It takes a pointer (const void *buf) to a buffer in memory. You can't pass it a char by value, so you have to store it to memory and pass a pointer.

(Don't print one char at a time unless you only have one to print, that's really inefficient. Construct a buffer in memory and print that. e.g. this x86-64 Linux NASM function: How do I print an integer in Assembly Level Programming without printf from the c library? (itoa, integer to decimal ASCII string))

A NASM version of GCC: putchar(char) in inline assembly:

; x86-64 System V calling convention: input = byte in DIL
; clobbers: RDI, RSI, RDX,  RCX, R11 (last 2 by syscall itself)
; returns:  RAX = write return value: 1 for success, -1..-4095 for error
writechar:
    mov    byte [rsp-4], dil      ; store the char from RDI into the red zone (below RSP)

    mov     eax, 1                ; __NR_write syscall number from unistd_64.h
    mov     edi, 1                ; EDI = fd=1 = stdout
    lea     rsi, [rsp-4]          ; RSI = buf
    mov     edx, edi              ; RDX = len = 1  happens to be the same as fd and call #
    syscall                    ; rax = write(1, buf, 1)
    ret

If you do pass an invalid pointer in RSI, such as '2' (integer 50), the system call will return -EFAULT (-14) in RAX. (The kernel returns error codes on bad pointers to system calls, instead of delivering a SIGSEGV like it would if you deref in user-space).
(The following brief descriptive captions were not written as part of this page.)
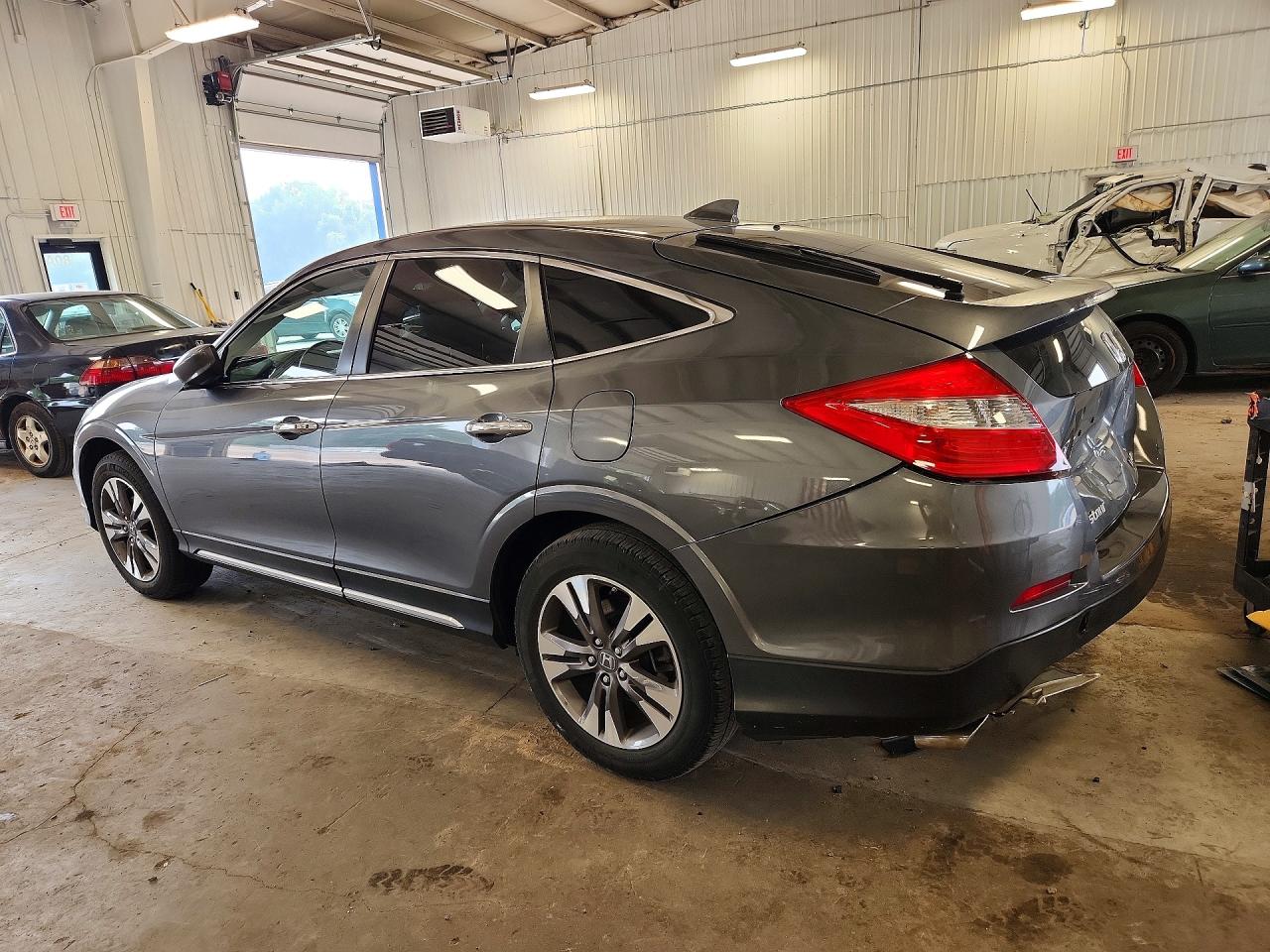 2014 Honda Crosstour Exl Gray vin: 5J6TF2H58EL000058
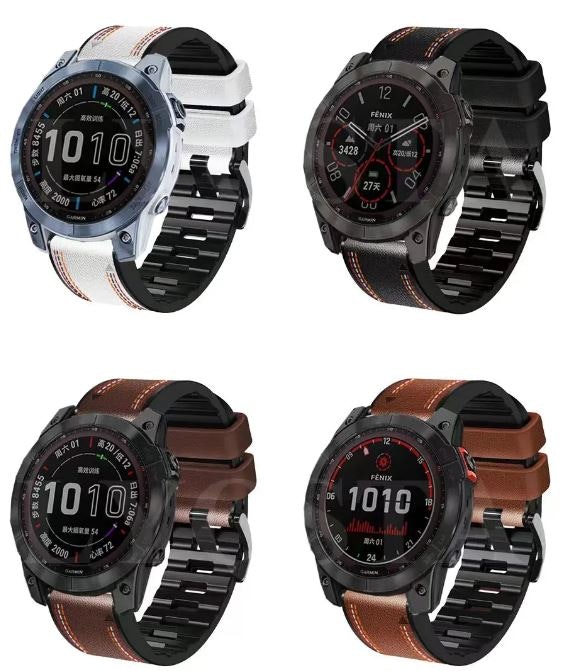 Ny modell! Skinnreim i 22 og 26mm Fenix 3/HR 5 5 pluss 6 6X Pro 7 7X Pro
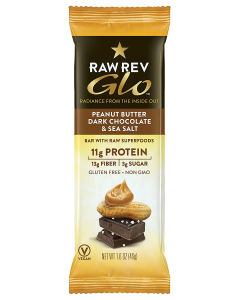 Raw Rev Glo Peanut Butter, Dark Chocolate & Sea Salt Bar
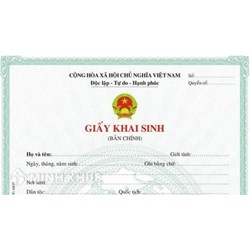 Thẩm quyền, nội dung, trình tự thủ tục đăng ký khai sinh tại nơi tạm trú mới nhất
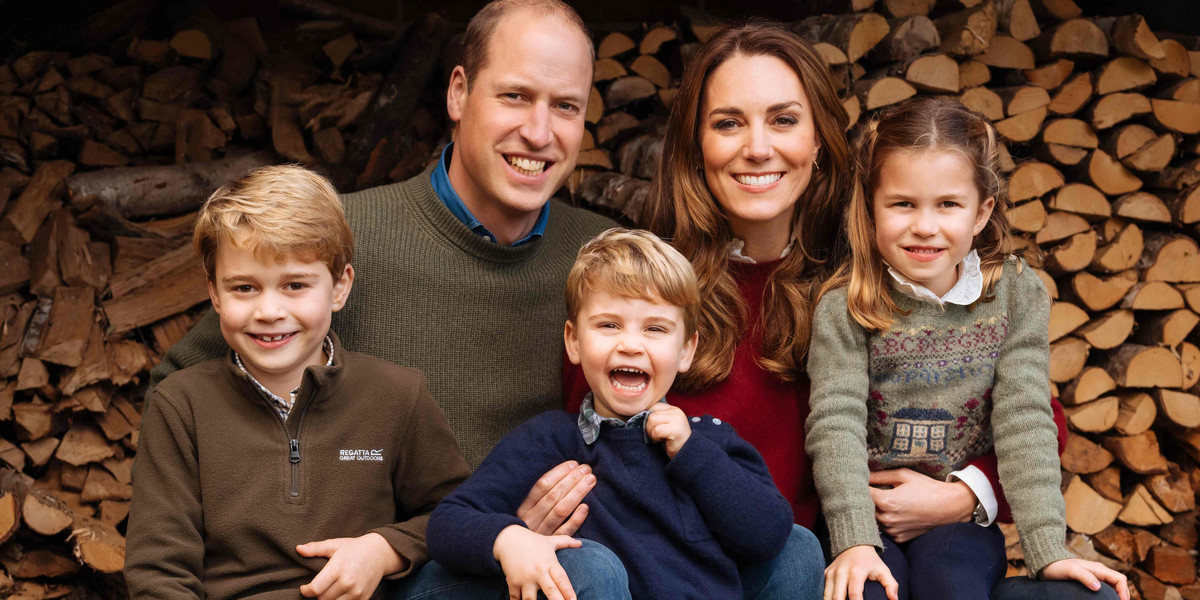 Książę William, Kate Middleton i trójka ich dzieci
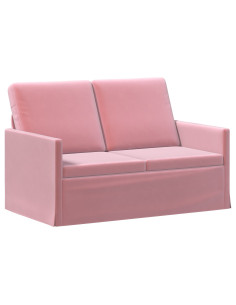 Divano a 2 posti Rosa 130 x 81 x 82 cm Velluto (V) 2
See also What are the return values of system calls in Assembly?

Instead of writing code to check return values, in toy programs / experiments you should just run them under strace ./a.out. If you're writing your own _start without libc there won't be any other system calls during startup that you don't make yourself, so it's very easy to read the output, otherwise there are a bunch of startup system calls made by libc before your code. How should strace be used?